▶ _Stored data_

== Segment start ==

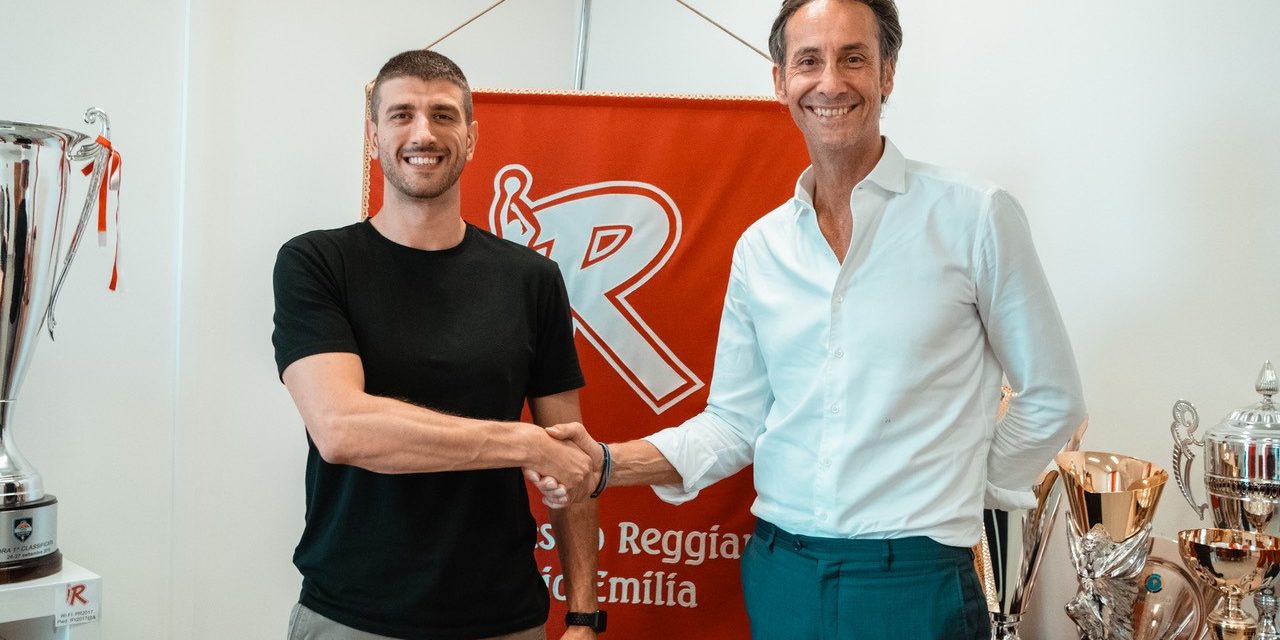 MasterVoice fa il suo ingresso nel Basket Pool In foto: Michele Faedda con il GM biancorosso Claudio Coldebella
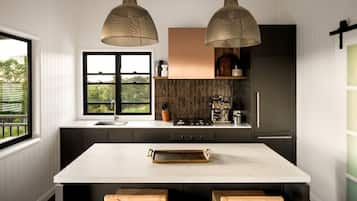 Fridge, oven, stovetop, coffee/tea maker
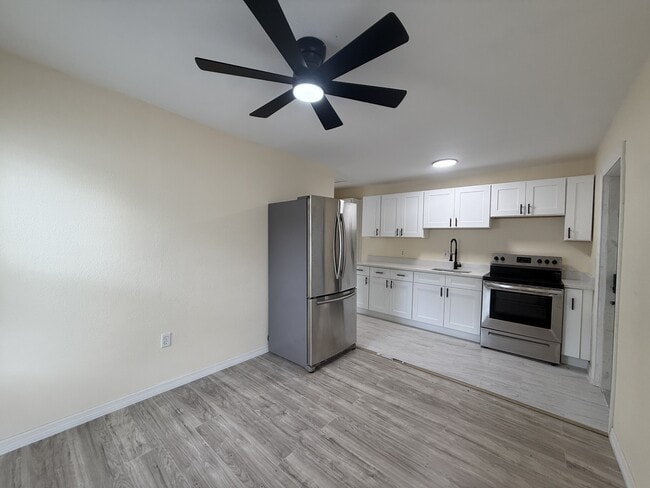 Photo - 5680 28th St N (Saint Petersburg, FL) Apartment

== Segment end ==

▶ _Task goal_
Apart from the pictures, every line above must be repeated exactly.

▶ _Reply_
 MasterVoice fa il suo ingresso nel Basket Pool In foto: Michele Faedda con il GM biancorosso Claudio Coldebella
 Fridge, oven, stovetop, coffee/tea maker
 Photo - 5680 28th St N (Saint Petersburg, FL) Apartment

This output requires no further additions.